One of the more difficult conversations we have as surveyors usually begins in a
familiar way. A landowner will say, “We’ve always been told this is 40 acres.” Sometimes
they say it with confidence, sometimes a little more cautiously, but either way that
number has usually been around for a long time. It may be written in a deed, repeated
in a listing, or passed down from a previous owner, and over time it starts to feel settled,
almost like a fact that doesn’t need to be questioned.
Then we perform a survey, and our number doesn’t match.
It may be more, or it may be less. Sometimes by a little, and sometimes by a lot. But
either way it can create frustration. We’ve had people feel like something has been
taken from them, or that something has changed about their property, or that we must
have done something wrong. That reaction makes sense, because land has value, and
when the acreage changes it feels like the land itself must have changed with it.

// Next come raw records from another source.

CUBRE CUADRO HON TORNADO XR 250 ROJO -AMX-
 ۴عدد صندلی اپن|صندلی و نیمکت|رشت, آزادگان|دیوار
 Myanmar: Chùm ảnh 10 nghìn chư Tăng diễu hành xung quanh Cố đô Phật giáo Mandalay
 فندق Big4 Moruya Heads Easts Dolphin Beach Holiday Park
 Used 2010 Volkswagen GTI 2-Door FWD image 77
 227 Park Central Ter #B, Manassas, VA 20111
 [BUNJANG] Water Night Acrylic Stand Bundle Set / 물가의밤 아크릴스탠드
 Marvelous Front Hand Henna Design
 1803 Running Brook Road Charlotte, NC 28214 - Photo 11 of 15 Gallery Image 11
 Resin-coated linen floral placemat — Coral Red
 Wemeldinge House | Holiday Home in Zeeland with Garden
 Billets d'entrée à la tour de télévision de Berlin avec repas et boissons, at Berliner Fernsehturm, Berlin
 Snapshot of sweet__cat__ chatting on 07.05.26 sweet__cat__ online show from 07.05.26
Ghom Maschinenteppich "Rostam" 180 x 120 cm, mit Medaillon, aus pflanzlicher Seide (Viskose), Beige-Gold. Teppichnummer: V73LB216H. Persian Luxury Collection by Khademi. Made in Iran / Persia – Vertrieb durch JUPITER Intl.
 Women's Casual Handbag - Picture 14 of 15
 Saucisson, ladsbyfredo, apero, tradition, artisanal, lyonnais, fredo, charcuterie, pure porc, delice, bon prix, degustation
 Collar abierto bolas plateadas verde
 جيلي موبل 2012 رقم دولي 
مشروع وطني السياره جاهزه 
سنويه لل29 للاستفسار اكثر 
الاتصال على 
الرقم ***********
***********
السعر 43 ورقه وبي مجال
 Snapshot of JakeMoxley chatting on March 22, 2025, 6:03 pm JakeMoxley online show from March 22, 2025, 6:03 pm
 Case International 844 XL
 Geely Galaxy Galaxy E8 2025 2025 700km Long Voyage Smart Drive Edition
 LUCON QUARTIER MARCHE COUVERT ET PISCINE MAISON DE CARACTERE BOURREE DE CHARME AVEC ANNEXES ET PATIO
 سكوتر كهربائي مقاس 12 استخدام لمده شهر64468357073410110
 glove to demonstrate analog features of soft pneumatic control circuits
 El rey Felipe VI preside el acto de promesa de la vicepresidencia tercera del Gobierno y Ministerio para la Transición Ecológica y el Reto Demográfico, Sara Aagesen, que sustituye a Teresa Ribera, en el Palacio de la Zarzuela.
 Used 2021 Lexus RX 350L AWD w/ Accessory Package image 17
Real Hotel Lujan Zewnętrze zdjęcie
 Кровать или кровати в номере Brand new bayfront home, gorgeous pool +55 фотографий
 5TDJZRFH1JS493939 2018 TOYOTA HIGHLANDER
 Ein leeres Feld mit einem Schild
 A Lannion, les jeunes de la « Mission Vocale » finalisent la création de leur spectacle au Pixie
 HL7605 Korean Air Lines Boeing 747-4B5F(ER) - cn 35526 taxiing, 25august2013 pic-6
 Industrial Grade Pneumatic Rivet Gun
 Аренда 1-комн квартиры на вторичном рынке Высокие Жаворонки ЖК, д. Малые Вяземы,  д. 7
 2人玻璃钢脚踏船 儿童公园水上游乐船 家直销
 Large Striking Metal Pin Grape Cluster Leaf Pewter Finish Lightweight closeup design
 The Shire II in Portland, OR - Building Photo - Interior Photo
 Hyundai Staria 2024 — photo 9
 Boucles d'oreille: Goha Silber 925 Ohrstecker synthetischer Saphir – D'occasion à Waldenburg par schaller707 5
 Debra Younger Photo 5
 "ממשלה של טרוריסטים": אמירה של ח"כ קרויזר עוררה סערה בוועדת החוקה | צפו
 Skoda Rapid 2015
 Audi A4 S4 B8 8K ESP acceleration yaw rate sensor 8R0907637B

But in reality, it hasn’t.
The lines are where they have always been. The corners have not moved. The property
is exactly what it was before we ever showed up. What has changed is the
understanding of it.
When you start looking at where those original acreage figures came from, that
becomes easier to see. Some of them trace back to early land patents, when large
tracts were first described with limited tools and broad estimates. Others come from
private surveys done decades ago using the best methods available at the time, but
without the precision we have today.
Part of the reason for that is simply how acreage was calculated in the past. Before
modern computers, surveyors often had to break a tract into simple shapes and
calculate the area by hand. That meant working through pages of notes, using
approximations, and rounding along the way. In some cases, after a survey was plotted
to scale on paper by hand, the area was estimated using grid paper, literally counting
squares to arrive at a total.
Even as early computer programs came into use, calculations were still limited by the
data entered and the methods available at the time. The work was done carefully and
professionally, but it was never intended to produce the level of precision we can
achieve today. Over time, those small differences can add up, especially on larger
tracts.
In many cases, that original number is simply carried forward as land is divided, sold,
and recombined. Acreage gets added and subtracted over the years, sometimes
carefully, sometimes loosely, and over time that running total can drift further away from
what is actually true on the ground. There are also situations where the boundary itself
is not fixed in the way people assume. Lines that follow rivers, creeks, or other natural
features can shift slowly over time. The boundary moves with the land, but the acreage
written in the deed remains the same.
By the time that number reaches the present day, it can feel like settled fact, even
though it was never meant to be.
What matters, and what defines the property, is not the acreage. It is the boundary.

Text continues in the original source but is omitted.